The Green New Deal is the shiny new object in Washington. Rolled out last week by Representative Alexandra Ocasio-Cortez (D., N.Y.) and Senator Ed Markey (D., Mass.), the proposal is a grab-bag of policies that covers everything from creating “high-quality union jobs” to universal health care. It has been endorsed by four Democratic contenders for the White House and nearly 70 members of the House of Representatives.

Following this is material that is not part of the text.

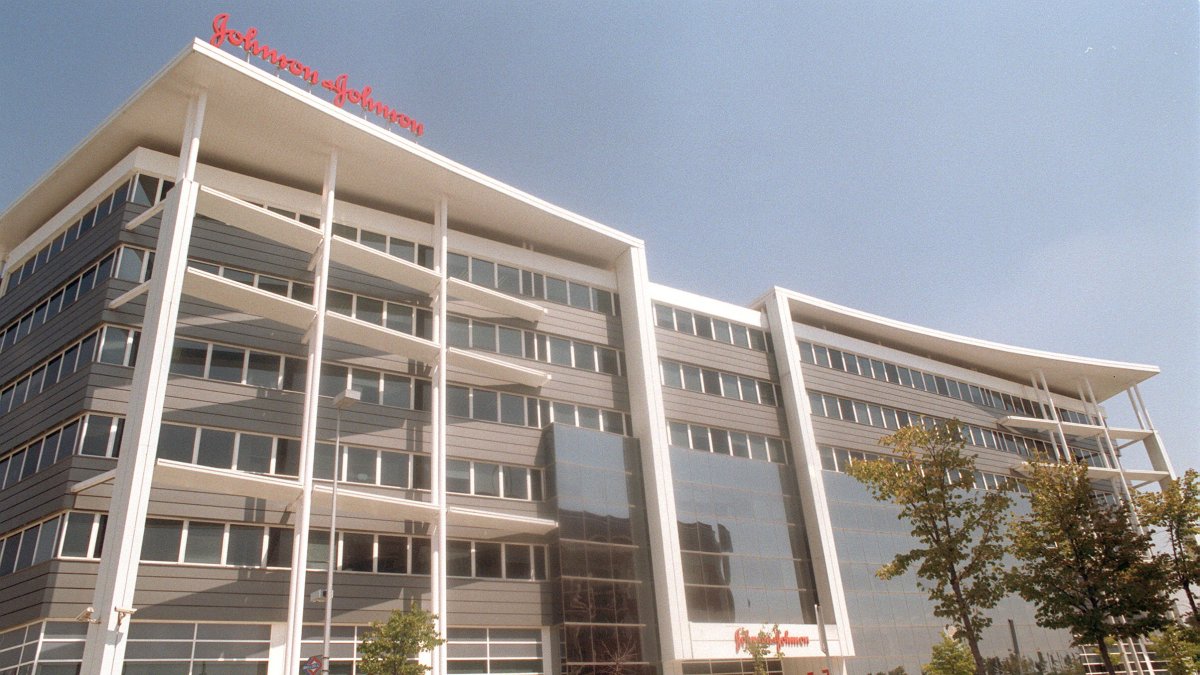 El edificio de Johnson & Johnson, en una fotografía de archivo.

The fundamental charge of the Green New Deal is the “green” part: The U.S. is supposed to get to “net-zero greenhouse gas emissions through a fair and just transition for all communities and workers.” Achieving such a goal (and doing it in just ten years) would require overhauling nearly every piece of energy infrastructure in the country. That’s where the Green New Deal parts company with the real New Deal — and, in fact, contradicts the achievements of the legislators who helped ensure rural electrification, and by doing so, helped set the table for America’s emergence as an economic superpower after World War II.

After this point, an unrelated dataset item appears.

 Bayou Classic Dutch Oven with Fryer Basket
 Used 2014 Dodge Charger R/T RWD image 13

Two pieces of New Deal legislation changed the shape and structure of America’s energy sector: The Public Utility Holding Company Act of 1935 busted the big electric utilities that had a stranglehold on America’s electric grid, and the Rural Electrification Act of 1936 provided low-cost federally backed loans to electric cooperatives and other entities, which allowed them to build their own electric grids and be independent of the big utilities. Those laws helped slash electricity costs for rural customers and led to a broad dissemination of economic and political power across the country that was critical to the development of western and southern states. And that leads to my thesis: If the Green New Deal becomes a reality, it will dramatically increase electricity costs and concentrate economic and political power in big business and in Washington. In short, the biggest costs of the all-renewable-energy push will be paid not by urban liberals such as Ocasio-Cortez, who are pushing the Green New Deal, but by rural Americans who probably voted for Donald Trump.

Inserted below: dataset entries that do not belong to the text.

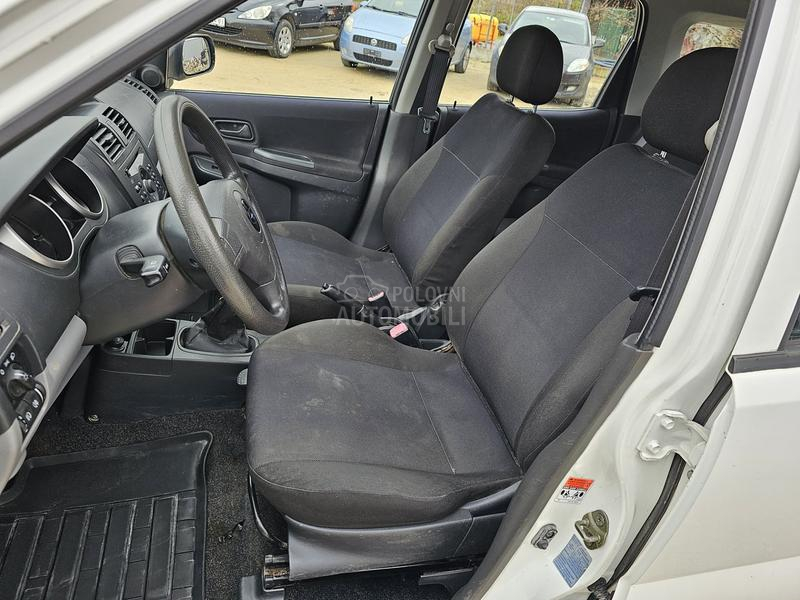 Subaru Justy 1,5 16V iz CH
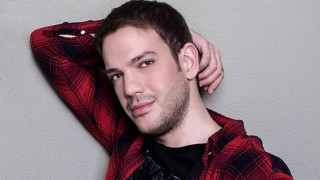 Η ομοφοβική επίθεση που δέχθηκε ο Μίνως Θεοχάρης μέσα σε ταξί!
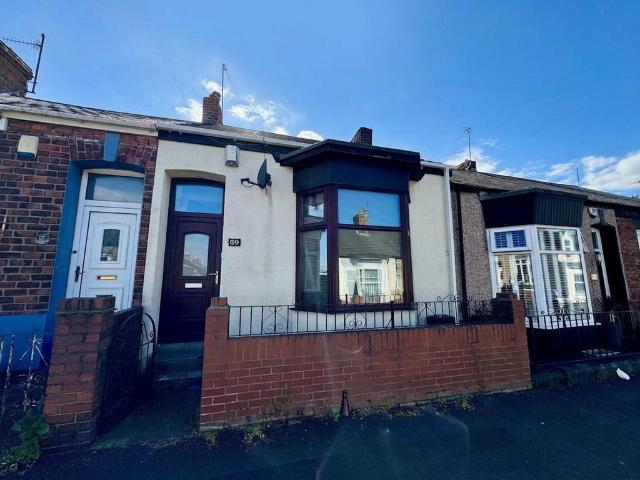Hylton Street, Sunderland, SR4 2 bed terraced bungalow to rent £750 pcm £173 pw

Understanding the origins of the real New Deal requires understanding the energy scarcity that predominated in rural America for five decades after Thomas Edison launched the Electric Age on Pearl Street in lower Manhattan in 1882. Edison’s Pearl Street generating plant ignited a frenzy of electrification. By 1890, the U.S. had about 1,000 central power stations. Between 1900 and 1930, U.S. electricity production grew nearly 20-fold. But that wave of electrification largely bypassed rural America. By the early 1930s, just 16 electric holding companies were producing about 77 percent of all the electricity produced by privately owned power plants in America. In addition, over 80 percent of the country’s natural-gas pipelines were controlled by just 15 holding companies.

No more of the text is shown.